Inspired by his own studies with Franck and dissatisfied with the standard of teaching at the Conservatoire de Paris, d'Indy, together with Charles Bordes and Alexandre Guilmant, founded the Schola Cantorum in 1894. D'Indy taught there and later at the Paris Conservatoire until his death. Although d'Indy was often accused of harboring vehement anti-Semitism (like his musical inspiration Wagner), which together with his lifelong monarchist bent led him to join the League de La Patrie française during the Dreyfus Affair in the late 1890s, he nevertheless won respect from fellow musicians opposed to his outlook, such as Camille Saint-Saëns, Claude Debussy, Pierre Monteux, and Charles Münch. Among his many pupils were Leo Arnaud, Erik Satie, Albert Roussel, Alberic Magnard, Isaac Albéniz, Arthur Honegger, Otto Albert Tichy, Darius Milhaud (whose family was Jewish) and Joseph Canteloube (who later wrote d'Indy's biography).
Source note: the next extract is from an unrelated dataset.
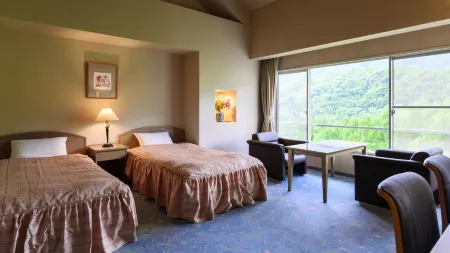 Takamiya Hotel Lucent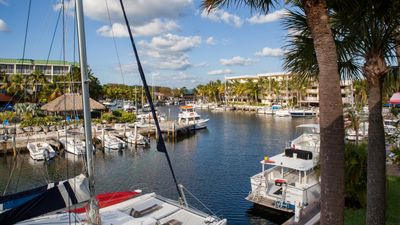 Holiday Inn Key Largo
Few of d'Indy's works are performed regularly today. His best known pieces are probably the Symphonie Cévenole or Symphonie sur un chant montagnard français (Symphony on a French Mountain Air) for piano and orchestra (1886), and Istar (1896), a symphonic poem in the form of a set of variations.
Among d'Indy's other works are other orchestral music, chamber music, piano music, songs and a number of operas, including Fervaal (1897) and L'Etranger (1902). His Lied for cello and orchestra was recorded by Julian Lloyd Webber and the English Chamber Orchestra conducted by Yan Pascal Tortelier in 1991. As well as Franck, d'Indy's works show the influence of Berlioz and especially of Wagner (he attended the premiere of Wagner's Der Ring des Nibelungen at the Bayreuth Festspielhaus in 1876).
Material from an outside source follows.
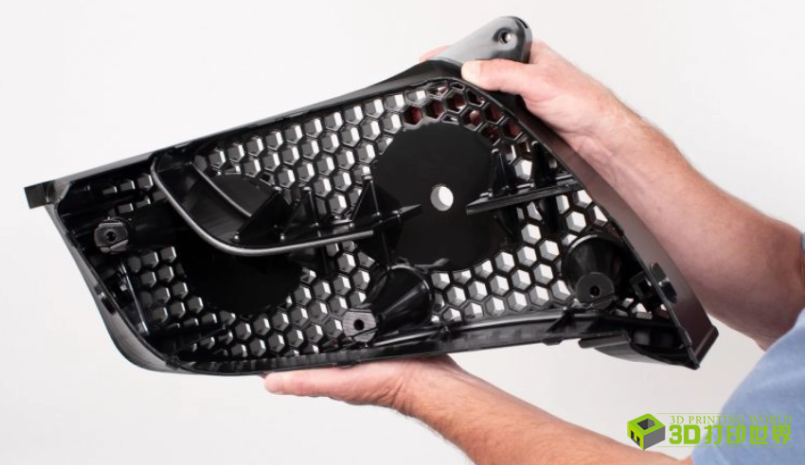 專為SLA 設計，3D Systems推出突破性材料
D'Indy helped revive a number of then largely forgotten early works, for example, making his own edition of Claudio Monteverdi's opera L'Incoronazione di Poppea.
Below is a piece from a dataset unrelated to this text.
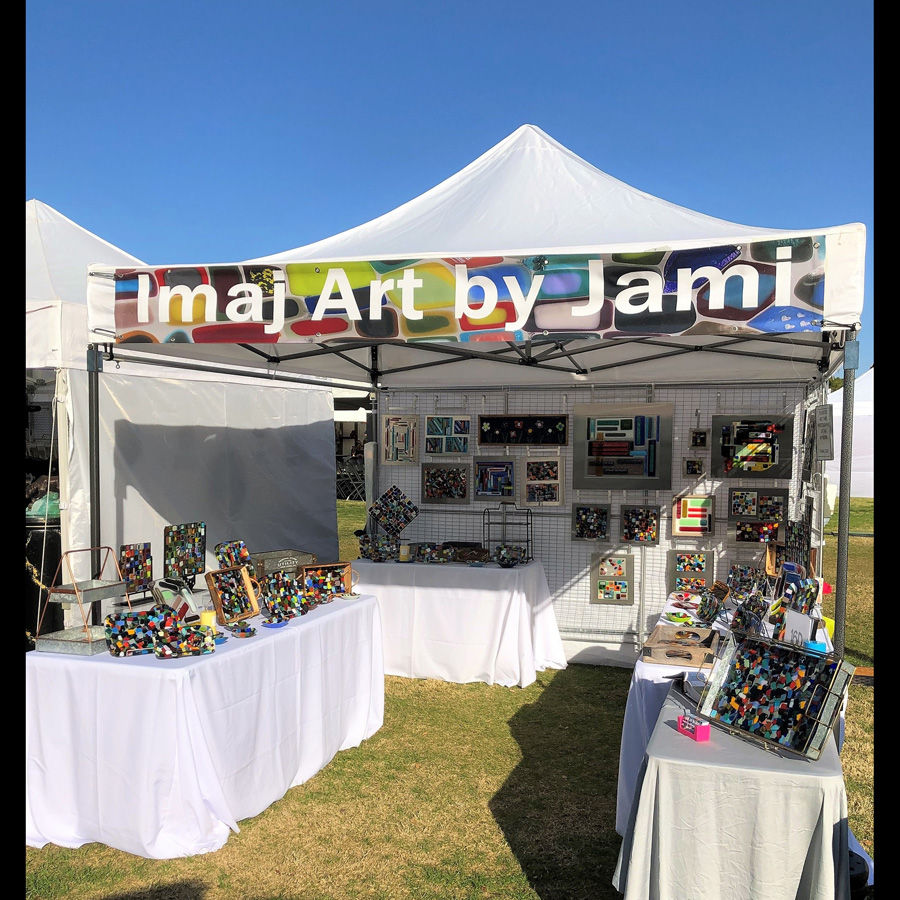 Imaj Art by Jami, LLC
His musical writings include the co-written three-volume Cours de composition musicale (1903-1905), as well as studies of Franck and Beethoven.
D'Indy died where he was born, in Paris.
[edit] Works
[edit] Further reading
- Norman Demuth, Vincent d'Indy: Champion of Classicism (London, 1951)
- Steven Huebner, Vincent d'Indy and Moral Order' and 'Fervaal': French Opera at the Fin de Siecle (Oxford, 1999), pp.301-08 and 317-50
Vincent d'Indy (Marie d'Indy, ed.), Vincent d'Indy: Ma Vie. Journal de jeunesse. Correspondance familiale et intime, 1851-1931 (Paris, 2001). ISBN 2-84049-240-7
- James Ross, 'D’Indy’s Fervaal: Reconstructing French Identity at the Fin-de-Siècle', Music and Letters 84/2 (May 2003), pp.209-40
- Manuela Schwartz (ed.), Vincent d'Indy et son temps (Sprimont, 2006). ISBN 2-87009-888-X
- Andrew Thomson, Vincent d'Indy and his World (Oxford, 1996)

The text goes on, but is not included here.